The Haileybury Youth Trust (HYT) is to help young refugees who have fled war by training them to build new homes and schools in their adopted country.
The charity – originally established in 1890 by Haileybury, a school in Hertfordshire – has been awarded a contract by Enabel, the Belgian Development Agency to deliver two new projects in Uganda, funded by the EU Trust Fund.
The first is in Bidi Bidi – one of the world’s largest refugee camps where an estimated 270,000 people live in makeshift homes or tarpaulin tents. Located in northern Uganda, refugees from South Sudan have fled because of a brutal civil war there. Many South Sudanese refugees feel they will not be able to return home and have been allowed by the Ugandan government to stay in the settlement camps and rebuild their lives.
Meanwhile, the second project is in Karamoja – a poor and under-developed region in north-eastern Uganda, home to the Karamajong, an ancient tribe of pastoral nomadic people.
HYT will train 100 young people – 50 in Bidi Bidi and 50 in Karamoja – to construct sustainable buildings, such as homes and schools, using a pioneering brick made from compressed earth.

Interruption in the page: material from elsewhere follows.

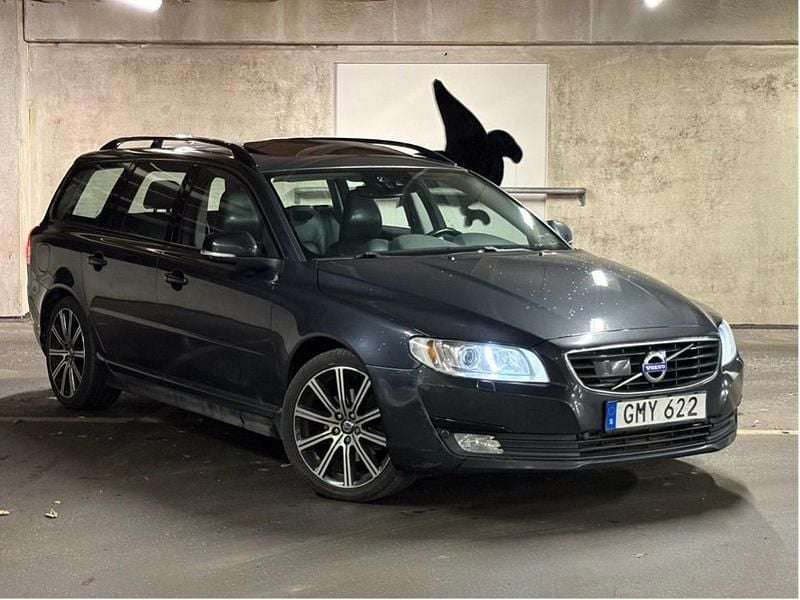 Grå Begagnad 2015 Volvo V70 Dynamic Kombi | 85 000 kr (Bra pris) - Bild 1/4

This Interlocking Stabilised Soil Block (ISSB) is a low-cost and carbon-saving alternative to the traditional fired brick.

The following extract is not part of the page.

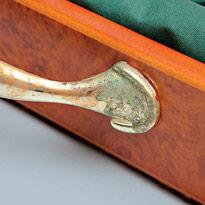 Покрытие лаком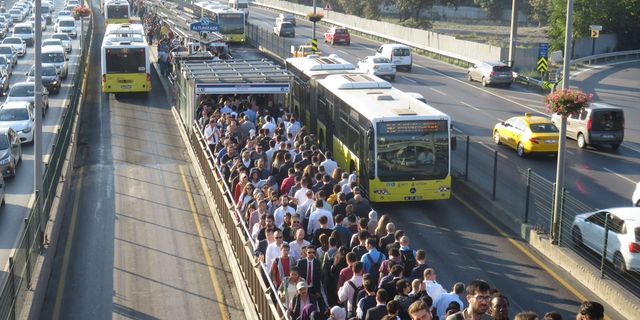 İETT zammı ve yeni akbil fiyatları: Metro, otobüs ve metrobüs ücreti ne kadar oldu?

HYT will build a pilot demonstration house for trainees to replicate. The shelter has a simple yet effective circular design made from ISSB bricks and a thatched bamboo roof.
The idea is that once trained, the trainees will pass on the skills they have learned to larger numbers in a cascade effect. They will be able to build affordable, environmentally-friendly homes, schools, sanitation facilities and water tanks.
Russell Matcham, HYT’s Director, said: “The South Sudanese are some of the most vulnerable and poorest people in the world currently living one of the world’s largest settlement camps. It is important that the refugees at Bidi Bidi are given skills by which they can create homes and develop livelihoods. Similarly, the Karamojong people live in a dry and arid region and have very few resources. We hope that by teaching sustainable construction skills to Ugandans and South Sudanese, education, opportunities and the quality of life will improve for future generations.
“Uganda has Africa’s largest refugee population and is also one of the fastest growing populations on earth. It is imperative that infrastructure development is done in a way that preserves the environment, rather than damages it.”
HYT will begin work on the two new projects, which will last for three months, later this Spring. Last year the charity was awarded a prestigious Ashden International Award for its sustainable buildings, where the guest of honour was former US Vice President, Al Gore.
Haileybury has a strong service ethos, not just in the UK but around the world, and aims to develop in every pupil a sense of giving something back to the communities they serve. The Haileybury Youth Trust is an important part of this.